The problem with Schnabel’s work is that his marks and actions are made by someone who is easily satisfied by everything he does, which makes what he does an inadvertent parody of genius. Some artists, like Matisse, will work very hard to make everything look easy, while others believe that, thanks to their innate gifts, everything is easy. Schnabel falls into the latter camp, while a painter like Pat Steir, who also applies layers of brushed, poured and splattered paint, is in the former. Her trust in chance isn’t about mastery, though it results in exactly that.

SCHNA 1990.0012 web Julian Schnabel, “A Little Later” (1990), oil, gesso on white tarp, 96 x 76 in (© Julian Schnabel. Courtesy Gagosian Gallery. Photography by Robert McKeever) Another contrast is the work of Joan Mitchell, who was a champion figure skater as a teenager. For Mitchell, rigor and expressiveness are not mutually exclusive activities. The strict discipline of competitive figure skating taught her that repetition — which for her was manifested in drawing and the painterly use of line — could help her attain an animated eloquence. She had muscle memory, or what has also been called the sixth sense, at her command.

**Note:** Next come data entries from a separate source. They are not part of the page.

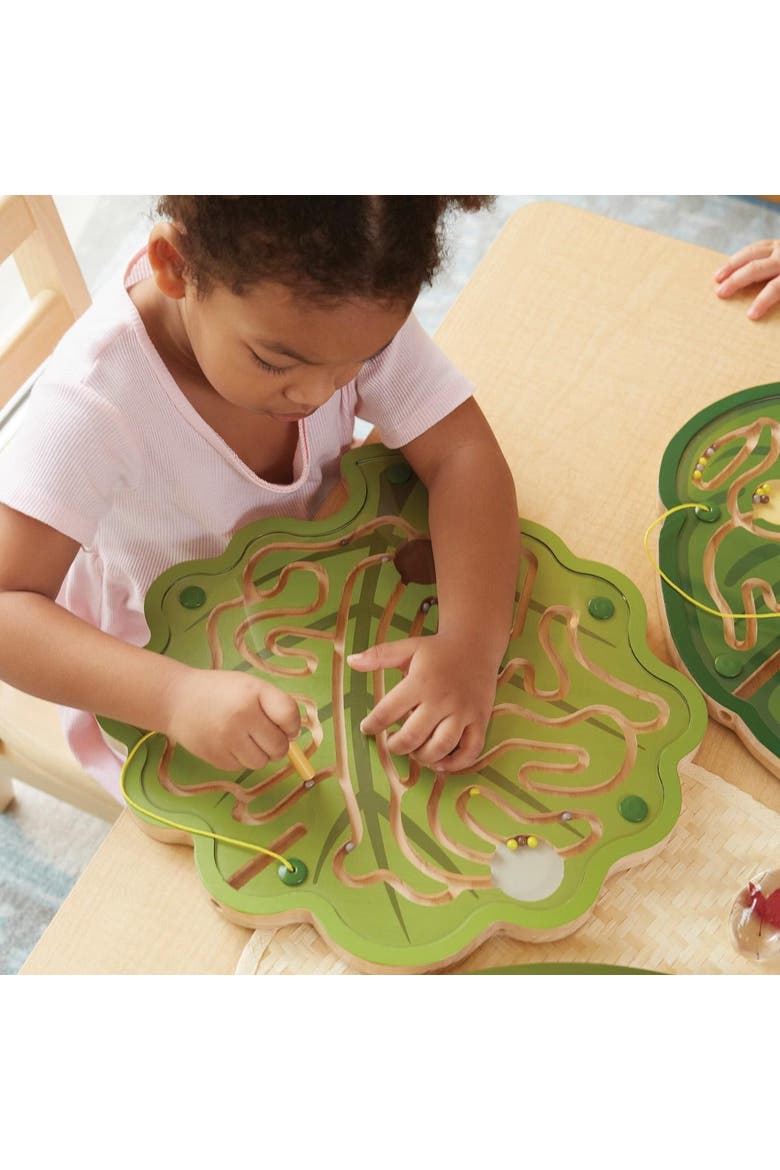 Nature's Paths Magnetic Leaf Mazes - Set of 3, Alternate, color, Green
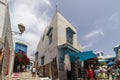 Sidi Bou Said, Tunisia, Alley with traditional white houses and blue doors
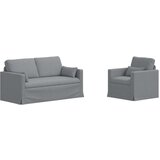 SOFA 2 pcs Svijetlo siva Metal | shoptok.hr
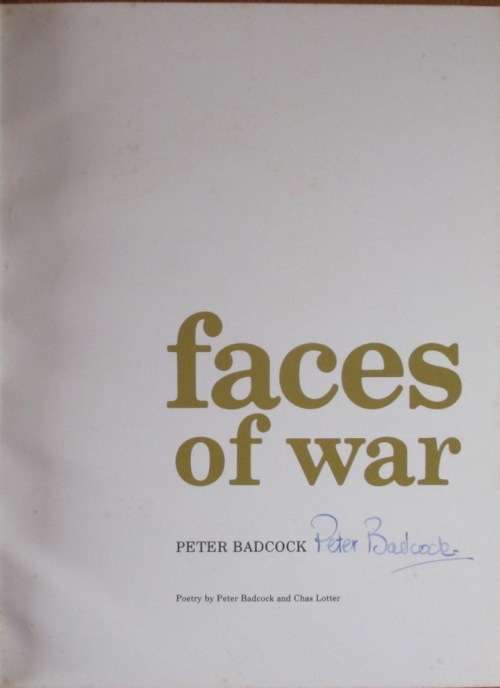 FACES of WAR - Peter Badcock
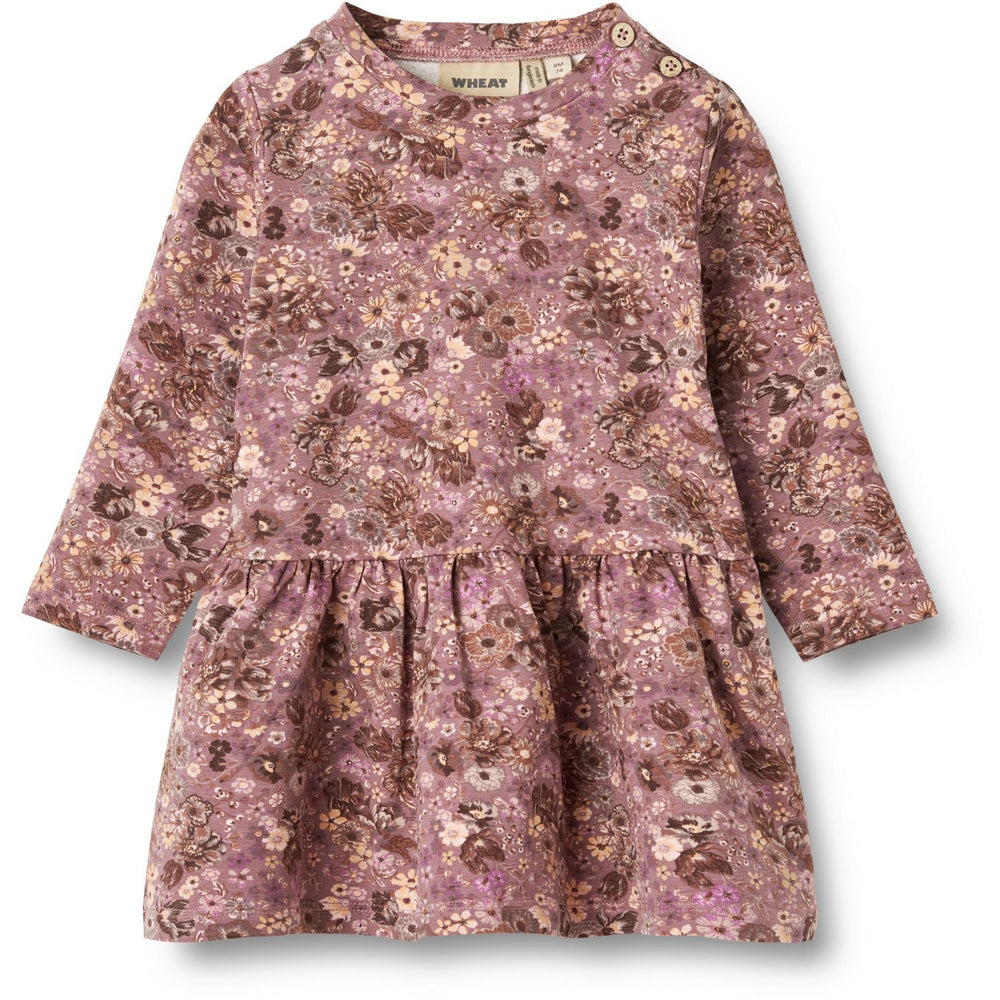 Køb Wheat Lavender Flowers Jersey Kjole Bessie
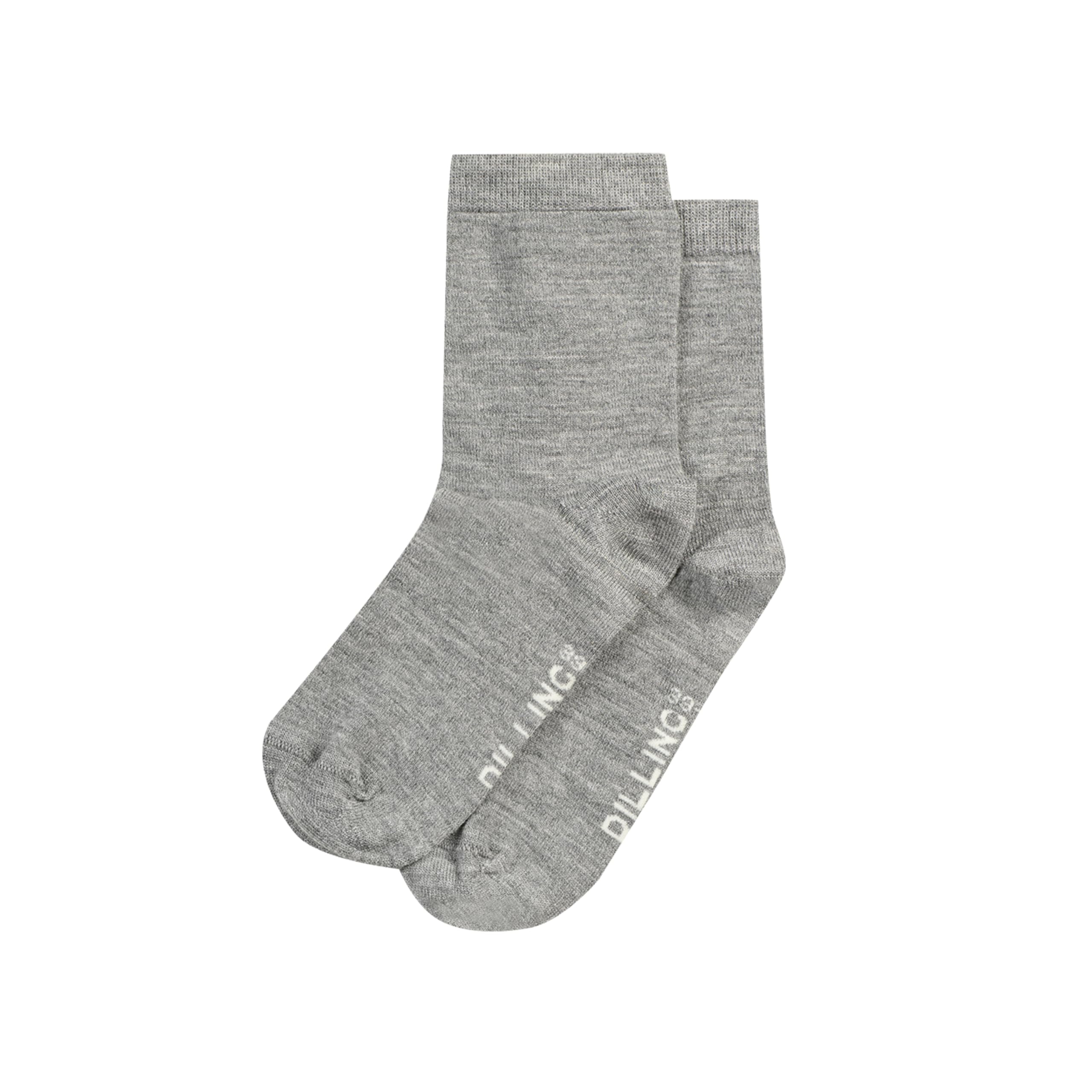Dilling Women's Grey Socks - Organic Merino Wool 2.5-5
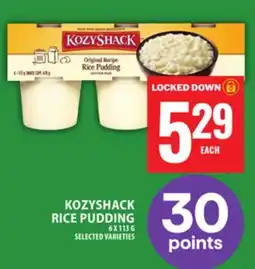 Food Basics KOZYSHACK RICE PUDDING offer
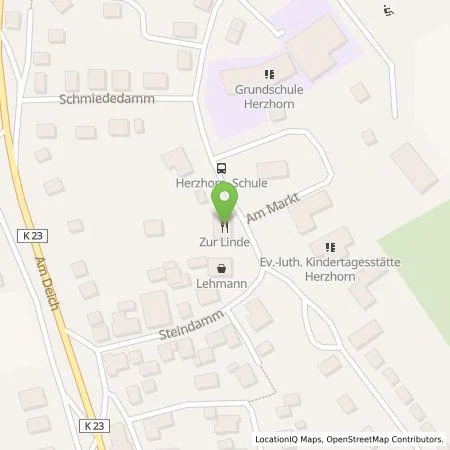 Standortübersicht der Tankstelle Stadtwerke Steinburg GmbH in 25379 Herzhorn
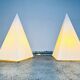 Pyramid Floor & Table Lamp By Harco Loor For Harco Loor Design, The Netherlands 1980S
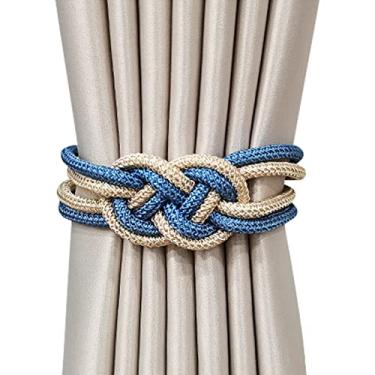 Imagem de Amarra-cortina Magnética Nó Chinês Suporte de Cortina Janela Decorativo para Quarto Sala Estar Escritório Café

Schnabel, on the other hand, knows little more than rote gestures and marks. He lives in a very different domain, where its mostly white male members believe that the grand tradition is their birthright. They know they are the true heirs of Tintoretto and Titian, Barnett Newman and Jackson Pollock.

Schnabel’s oversized additions to his lavish surfaces do not cohere into a painting, but appear like decorations, signs of hyper-masculinity (white gesso) splashed onto a copious, previously stained ground. There is something cornball about Schnabel’s project. He seems to have misunderstood the well-known dictum by Jasper Johns: “Take an object. Do something to it. Do something else to it, etc.” Instead of doing anything to (or transforming) the object (the burlap or Kabuki theater backdrop), he has reduced it to a two-step process. The additions do not convert the abundant picture plane made of velvet or sailcloth into a singular event, a unity. He cannot make the additions bond with the surface, as he did in his plate paintings, where — for a few years — he transformed the pairing into something fresh.

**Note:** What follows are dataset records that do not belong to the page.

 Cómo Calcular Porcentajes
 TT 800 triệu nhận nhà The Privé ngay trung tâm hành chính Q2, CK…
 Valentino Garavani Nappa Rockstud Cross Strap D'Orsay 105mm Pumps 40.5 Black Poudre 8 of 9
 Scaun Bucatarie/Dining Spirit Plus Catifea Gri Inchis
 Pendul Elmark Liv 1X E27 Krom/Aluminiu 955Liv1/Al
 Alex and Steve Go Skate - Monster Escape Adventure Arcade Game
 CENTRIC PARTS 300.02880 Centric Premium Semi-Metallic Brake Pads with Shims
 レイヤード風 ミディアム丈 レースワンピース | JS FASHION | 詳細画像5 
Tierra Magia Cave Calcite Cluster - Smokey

Perhaps this is why Schnabel is so acclaimed. In an age when originality is dead and authenticity is considered a relic of the past, his paintings are Romantic throwbacks – bigger, more comforting versions of the real thing. We know he is serious because he writes “Ozymandias,” the title of a sonnet by Percy Bysshe Shelley, across a huge canvas. In this much-anthologized poem Shelley writes about how art outlasts men and empires, which are destined to fall into decay. You can’t argue with that sentiment.

A funny thing happened when I asked for images to go with this review. A gallery assistant emailed me, asking me who was writing the review, and told me that “Ozymandias” was not for press use.

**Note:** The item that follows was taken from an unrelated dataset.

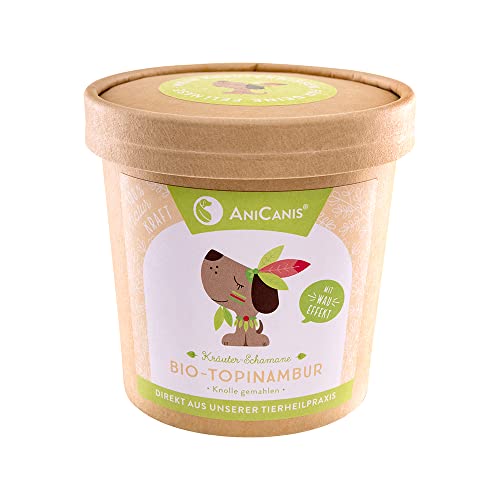 AniCanis Bio Topinambur für Hunde - Topinamburpulver - Ballaststoffe, Inulin, Darm, Verdauung & Übergewicht - Futterzusatz Nahrungsergänzung - 200g von AniCanis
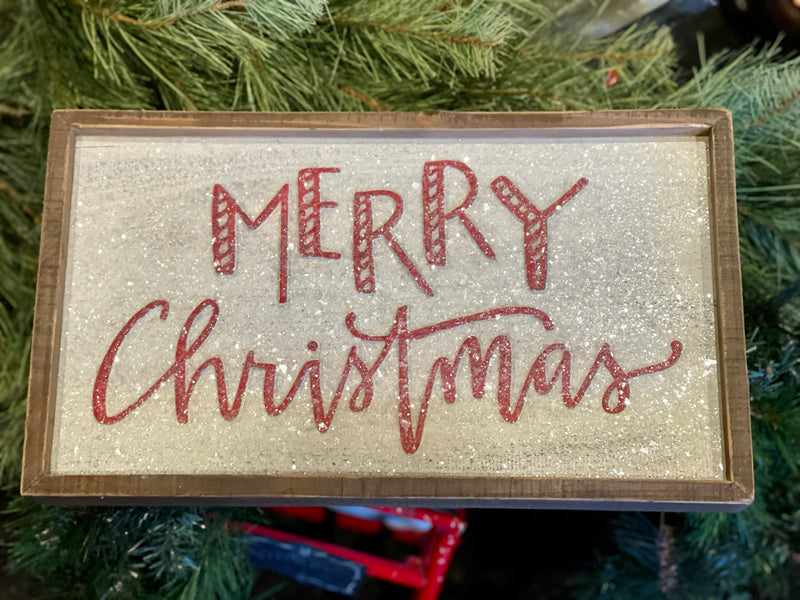 PRIMITIVES BY KATHY MERRY CHRISTMAS WOODEN SIGN 106722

Two things occurred to me. First, Gagosian is being hypocritical by opening its doors to the public. Really, the gallery is only for those who can afford what they show, and they should be honest and admit it. Second, some galleries and artists will never be interested in discussion or debate. All they want is what is due them: obsequious praise. Ahh, Shelley — cited and ignored once again.